Mauritanie : un long chemin vers les libertés, l’égalité et la sécurité

Une précarité persistante malgré des richesses naturelles

, par Bioforce

Avec environ 4 millions d’habitant·es et une densité de 3,9 personnes au kilomètre carré en 2018, la Mauritanie est le quatrième pays le moins densément peuplé d’Afrique. Essentiellement désertique, le pays dispose de grandes étendues pastorales et de seulement 0,5 % de terres arables. La pluviométrie changeante est le principal problème rencontré par les agriculteur·rices. La Mauritanie a traversé une crise alimentaire en 2018 en raison de la sécheresse, alors que les populations vulnérables étaient encore en train de se remettre difficilement de précédentes crises.

Selon la Banque mondiale, la proportion des pauvres a notablement baissé, passant de 44,5 % de la population à 33 % entre 2008 et 2014. Malgré les énormes ressources (poisson, fer, pétrole, or, etc.) dont dispose le pays, plus de 16,6 % de la population vit en dessous du seuil d’extrême pauvreté. Les ressources forestières et pastorales du sud de la Mauritanie constituent les moyens de subsistance de base de la population rurale mais les changements climatiques, l’incohérence des politiques et la mauvaise gouvernance peuvent expliquer la persistance de cette extrême pauvreté.
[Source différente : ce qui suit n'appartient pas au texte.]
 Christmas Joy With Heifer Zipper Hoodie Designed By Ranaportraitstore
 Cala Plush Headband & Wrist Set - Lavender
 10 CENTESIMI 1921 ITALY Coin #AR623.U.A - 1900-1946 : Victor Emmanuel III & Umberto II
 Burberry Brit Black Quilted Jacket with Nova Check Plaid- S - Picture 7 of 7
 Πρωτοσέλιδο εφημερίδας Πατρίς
Le pays a connu un « boom minier » entre 2008 et 2014. L’essentiel des revenus de l’État provient des exportations minières mais son économie reste très tributaire des cours des matières premières. La Société nationale industrielle et minière (SNIM) est l’un des premiers employeurs du pays et exploite trois mines à ciel ouvert (Kedietej Jill, Guelb El Rhein et M’Haouadat depuis 1994) dans la région de Fdêrik et de Zouerat, non loin de la frontière septentrionale.

L’extrême pauvreté se concentre surtout dans la capitale Nouakchott. Ville créée durant la colonisation française, elle a vu affluer une population nomade nombreuse, en raison de la sécheresse qui a accablé l’arrière-pays dans les années 1970. Elle concentre aujourd’hui près d’un tiers des Mauritanien·nes avec un million d’habitant·es. Seulement 55 % des enfants de 6 à 11 ans y sont scolarisé·es et un tiers des ménages vit dans des logements précaires.
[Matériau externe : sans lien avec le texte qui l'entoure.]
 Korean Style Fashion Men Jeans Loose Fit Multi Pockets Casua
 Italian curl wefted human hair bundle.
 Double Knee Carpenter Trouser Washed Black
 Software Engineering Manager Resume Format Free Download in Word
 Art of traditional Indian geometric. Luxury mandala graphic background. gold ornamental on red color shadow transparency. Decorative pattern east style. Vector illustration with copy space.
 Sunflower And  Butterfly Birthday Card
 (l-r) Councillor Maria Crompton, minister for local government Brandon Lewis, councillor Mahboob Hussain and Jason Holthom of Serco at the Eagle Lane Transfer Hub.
L’électricité reste un privilège pour la majorité des Mauritanien·nes, avec un taux d’accès global atteignant 30 % et de fortes inégalités entre les zones urbaines (55 %) et rurales (5 %), mais seuls 38 % des foyers de Nouakchott disposent de l’électricité. Seulement 58 % de la population mauritanienne a accès à l’eau potable (48 % en milieu rural) et 14 % de la population rurale possède un réseau d’assainissement correct [1].

La découverte de pétrole au large des côtes mauritaniennes à Chinguetti (80 km au large de Nouakchott, par 800 m de fond) et son début d’exploitation en 2006 constituent l’un des plus importants espoirs du pays pour son développement économique et social. De nouveaux gisements sont découverts régulièrement, ayant permis de produire 1,73 millions de barils de pétrole en 2016.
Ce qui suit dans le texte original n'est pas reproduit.